Alex Ross Perry is an interesting dark humorist of the independent cinema scene, as evidenced quite clearly by last year’s Listen Up Philip. He was very literary sensibilities that haven’t really been popular since old Hollywood, where star power was more important than it ever would be after and the best films were remembered for their performances more than anything else. Though humor isn’t absent from Perry’s latest endeavor, to call Queen of Earth a comedy would be somewhat a stretch, as this film is less evocative of Perry’s acerbic wit as it is of his ability to coax a brilliant performance from Elizabeth Moss, who for once lets go of the subtle nuances of her characters to delve deep into psychological peril.
Two friends, Catharine (Moss) and Ginny (Katherine Waterston), take their yearly trip to a cabin in the woods in order to escape from the stresses of their everyday lives. The previous year, Catharine had brought along her boyfriend as Ginny was going through a difficult break-up, leaving Ginny to deal with her depression alone. This year, Catharine has similarly lost her romantic interest, but also has lost her embezzling father to prison and thus is in a similar situation when Ginny brings along her romantic interest, Rich (Patrick Fugit).

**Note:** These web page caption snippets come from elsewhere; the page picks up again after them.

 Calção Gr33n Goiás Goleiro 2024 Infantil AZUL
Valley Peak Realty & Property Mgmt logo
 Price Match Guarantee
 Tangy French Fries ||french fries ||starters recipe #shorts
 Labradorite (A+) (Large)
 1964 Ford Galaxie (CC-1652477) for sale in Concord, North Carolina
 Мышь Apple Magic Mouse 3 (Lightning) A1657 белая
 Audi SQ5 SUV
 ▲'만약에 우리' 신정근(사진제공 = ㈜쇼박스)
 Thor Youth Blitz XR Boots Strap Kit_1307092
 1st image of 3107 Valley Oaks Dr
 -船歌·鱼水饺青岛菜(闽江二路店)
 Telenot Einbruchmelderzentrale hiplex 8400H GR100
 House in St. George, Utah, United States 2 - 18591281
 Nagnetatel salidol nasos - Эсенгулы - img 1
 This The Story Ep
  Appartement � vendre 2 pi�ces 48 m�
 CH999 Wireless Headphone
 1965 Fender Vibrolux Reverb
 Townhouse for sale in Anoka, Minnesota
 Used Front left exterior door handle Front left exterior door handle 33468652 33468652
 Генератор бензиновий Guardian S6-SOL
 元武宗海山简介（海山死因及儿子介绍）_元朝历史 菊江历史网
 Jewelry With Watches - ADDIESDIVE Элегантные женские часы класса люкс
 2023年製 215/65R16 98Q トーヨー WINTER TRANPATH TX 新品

What’s interesting about this scenario is that Catharine’s character is perhaps one of the most feminist portrayals of the madwoman trope ever put to film. Moss’s performance is reminiscent of Ingrid Bergman’s body of work, with the same kinds of creepy infantilization and incoherent murmurs interspersed with nonsensical laughter. However, Catherine’s madness is a metaphor for something more than pure hysteria, as she is a woman conditioned to need the support of a man in order to remain functional. It becomes apparent that her father sheltered her from the world with wealth, thereby fostering a dependent personality that needs dominant masculinity present in order to maintain a personal identity. Similarly, the flashbacks to her past relationship show her as completely co-dependent and in denial of such co-dependency when an embittered Ginny points it out. Catherine may be psychologically weak, but her weakness is understandable based on her conditioning to believe that men need to define her role in life, and her inability to cope is a direct result of that male manipulation.
As fantastic as this portrayal is, though, the film is not without its faults. There is a late scene where Catharine and Ginny throw a party for no discernable reason, and the only purpose is to stage a hackneyed everyone-attacking-me delusion for Catharine. Furthermore, there are times when Ginny’s presence seems entirely superfluous, especially since her character exists primarily as a grounded foil for Catharine’s insanity. Ginny is supposed to represent how Catharine could have developed had her upbringing not emotionally crippled her, but she feels irrelevant when Moss sells Catharine’s struggle so effectively.
If you’re looking for something below the radar this Oscar season, Queen of Earth is a pretty great alternative to the accolades and fanfare of the next few months. It won’t be getting any awards, but it certainly deserves to garner a fan following.